Le 19 novembre 2021, Rockstar publie une note d’excuses sans détour : les versions mises à jour « n’ont pas été lancées dans un état conforme à nos propres standards de qualité ». Dans la foulée, le studio remet en vente les versions classiques retirées juste avant la sortie, et les offre gratuitement aux possesseurs du pack sur PC. Un aveu rare pour Rockstar.
Le patch de 2024 : la rédemption inattendue
Presque trois ans jour pour jour après ce lancement, en novembre 2024, Rockstar déploie le patch 1.112, la plus grosse mise à jour depuis la sortie. La star, c’est un mode d’éclairage classique qui s’efforce de retrouver l’atmosphère des originaux PS2, là où le rendu UE4 avait tout aplati. Le brouillard volumétrique est revu, ce qui redonne aux villes une vraie sensation d’échelle. Plusieurs animations cassées (la façon dont CJ boit un soda ou enfourche un vélo) sont réparées, des assets upscalés par IA et leurs fautes de texte corrigés, et le fameux glitch permettant d’accéder trop tôt aux deuxième et troisième îles de GTA III est enfin verrouillé.
La mise à jour n’est pas sans accroc côté coulisses : elle a retiré Grove Street Games de l’écran-titre, ce que le PDG du studio, Thomas Williamson, a publiquement qualifié de geste mesquin, affirmant que le patch avait été développé par ses équipes mais gardé sous le coude par Rockstar pendant des années. Querelle d’éditeur à part, le résultat manette en main est réel : la communauté a salué un net regain de fidélité.
Definitive Edition ou jeux d’origine ?
C’est le vrai arbitrage de 2026. Sur PC, les versions originales restent la référence des puristes, surtout enrichies de mods, plus fidèles aux textures et à la physique d’antan.
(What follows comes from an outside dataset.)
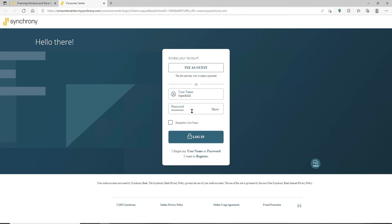In case you've forgotten your username or your password and you don't know what to do next, click on the Forgot My Username or Password link and follow the instructions to look for either of those. If you've not registered for online access yet, you can click on this I Want to Register link.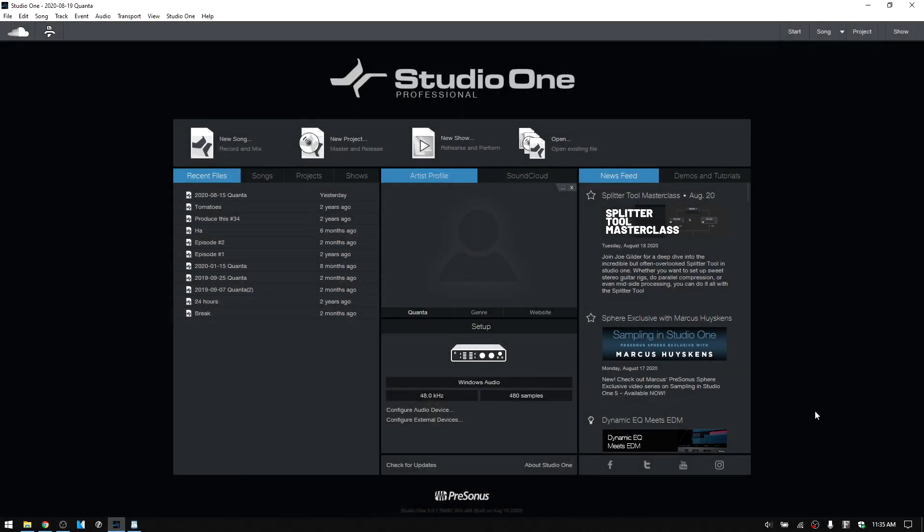Let's take a look at some of the changes to the user interface within Studio One 5. To begin with, we'll start on the start page.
C’est tout l’intérêt d’un PC ouvert, comme on l’explique dans notre guide pour installer des mods sur GTA 5, la même logique vaut pour les classiques. Mais sur console et sur mobile, où le modding n’existe pas, la Definitive Edition patchée est de loin le moyen le plus simple et le plus confortable de (re)jouer à la trilogie : sauvegardes cloud, écran large, visée moderne, et depuis le 14 décembre 2023, une version mobile incluse dans l’abonnement Netflix. Pour mesurer le chemin parcouru par un seul de ces titres, comparez avec notre dossier San Andreas face à GTA 5.
Alors, on achète en 2026 ?
Oui, à condition de savoir ce qu’on achète. Ce n’est pas un remaster « nouvelle génération » qui réinvente Liberty City, Vice City et San Andreas ; c’est un portage modernisé, longtemps bâclé, aujourd’hui enfin propre grâce au mode classique et aux correctifs. À plein tarif, on hésite ; en promotion, c’est une excellente porte d’entrée vers les fondations de la série, surtout pour qui n’a jamais touché ces jeux. Et alors que GTA VI s’apprête à écrire le prochain chapitre depuis la Floride, replonger dans la trilogie qui a tout lancé n’a jamais été aussi simple.